To be clear, there is a risk of overplaying the support that international human rights law provides for abortion as a right. There is no “pure” human rights position compared to what might be understood as polarized and politicized domestic debates. This is because international human rights law is itself a site of contestation over abortion. It is even more so that many specifically US debates and strategies, ironically, have long seeped to the international level. Indeed, it is not as if international human rights law has not had its own blind spots when it comes to sexual and reproductive health, violations in the “private sphere” and women’s rights. The Inter-American system, notably, remains deeply divided on the question of abortion, and the European Court on Human Rights has not recognized a general right to abortion on demand.
But international human rights law does provide a sophisticated framework to understand what might be wrong with outright bans and thus a clear opening for some access to abortion. It has produced a relatively consistent approach that emphasizes key rights that are at least implicated by the absence of abortion options in certain circumstances. This includes the right to life, the right to health, as well as the right to privacy and even the right to be free from cruel, inhumane, and degrading treatment. Perhaps more importantly, the international debate has steered the conversation towards an understanding of abortion as a form of discrimination against women and girls. An intersectional analysis has further focused on the fact that impoverished or racialized women suffer the brunt of lack of abortion. Some decisions such as L. C. v. Peru by CEDAW point to a definite trend towards an obligation to guarantee access to abortion in certain cases.
Obviously, the argument that the non-availability of safe abortion is a human rights violation still needs to be made internationally rather than simply taken for granted. Choices of human rights pathways also have broader implications that need to be addressed: for example, both the dominant “public health” framing of abortion or the “cruel, inhuman and degrading treatment” approach envisage some allowance of abortion only at the cost of foreclosing other possibly desirable options. They are certainly not the resounding endorsement of abortion as a right that a foundation in women’s autonomy or equality might lead to.
The further, specific argument that the roll back of Roe v. Wade violates the US’s own international human rights commitment will also need to be made. Broad international views must be vernacularized into constitutional debates.

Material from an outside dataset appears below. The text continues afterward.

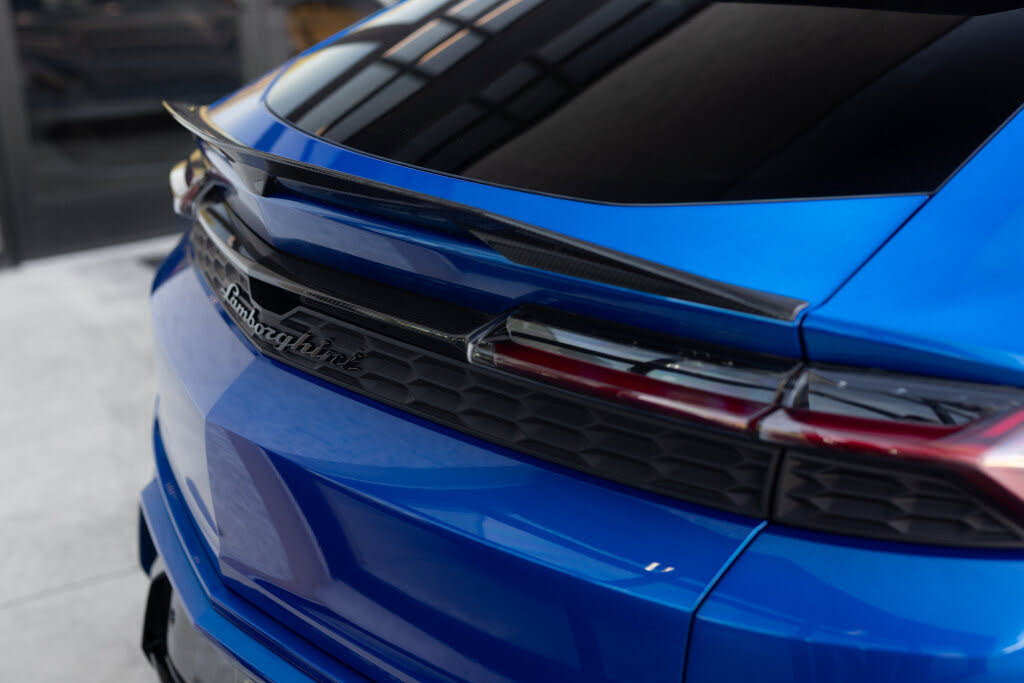2026 Lamborghini Urus SE AWD photo 19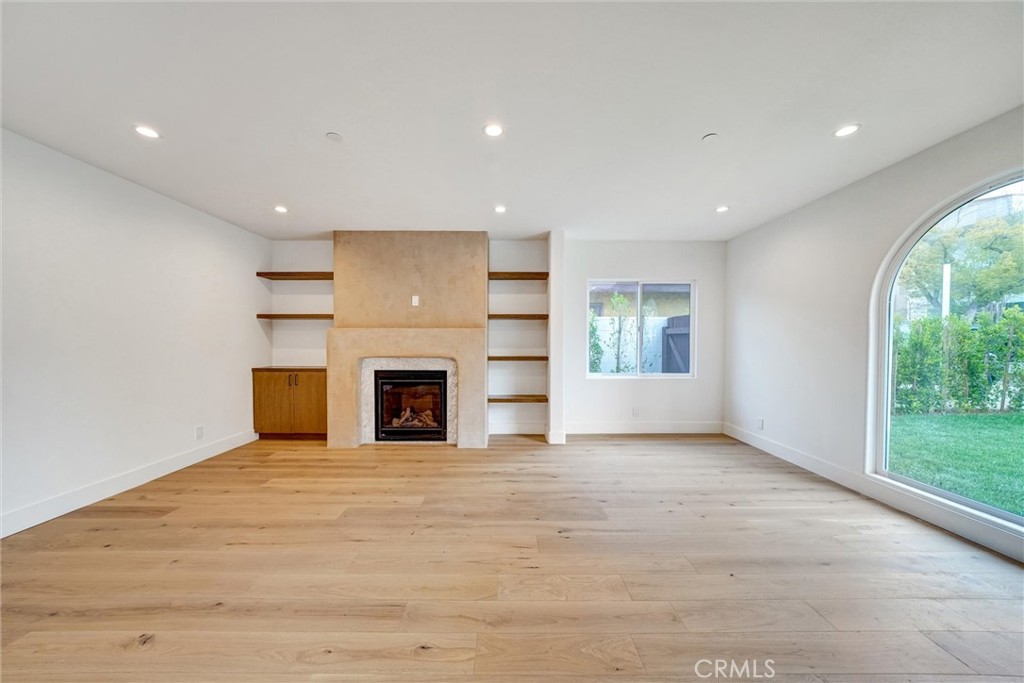 1569-1571 Wesley Avenue Pasadena, CA 91104 - Photo 3 of 41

Moreover, the international system is a pluralistic one marked by national and regional differences of appreciation about the scope of certain rights that does not mandate a single, one-size fits all approach, all the more so on an internationally divided issue such as abortion. International human rights law does put the US as a State under pressure to protect abortion notwithstanding what its highest court has said on the issue, but it is unclear how the executive or the legislature should do this within the rule of law.
But perhaps the question is ultimately not so much whether international human rights law provides a definitive answer on the question of abortion that can be straightforwardly opposed to countries. Nor is it necessarily helpful to simply wave the binding character of international human rights law, when we know very well that that character is somewhat illusory in practice. The more interesting question is why one would want to contextualize US debates about abortion in the US’s broader international normative environment despite this lack of absolute international clarity or effectivity.
A first idea is that international human rights law provides a particularly pared down version of the argument about abortion, unencumbered by domestic idiosyncrasies. Precisely because it is universal and not implicated in the local constitution of the political, it acts as a kind of abstract dramatization of the human stakes. In that context, the realization that the recognition of abortion is a gradual and fragile construct within international human rights law itself does not weaken its claim to being useful. On the contrary, it elevates the debate beyond some narrow and provincial originalist constitutional reading to a difficult conversation about how we should collectively understand what rights entail, as part of human rights treaties that are themselves “living instruments.”
Second, internationalizing the debate is sometimes simply the only option when a system has become stubbornly rigged against the rights of some. A fragile democracy facing major backsliding of key rights and whose judiciary shows significant problems of bias, the US is in some ways an excellent test case of the supra-constitutional utility of international human rights. Its situation highlights the importance of anchoring human rights commitments to international obligations as a guarantee against rollback. Visions long concocted by, notably, US scholars to understand the “periphery’s” (Eastern Europe, Latin America) backsliding, provide a corpus of expertise that should now be resolutely redirected at the “center.” International human rights law, furthermore, provides a yardstick by which to judge US evolutions beyond the country’s own internal divisions, a way of “seeing itself from outside itself” in a context where for example many Latin American countries have recently moved towards guaranteeing the legality of abortion.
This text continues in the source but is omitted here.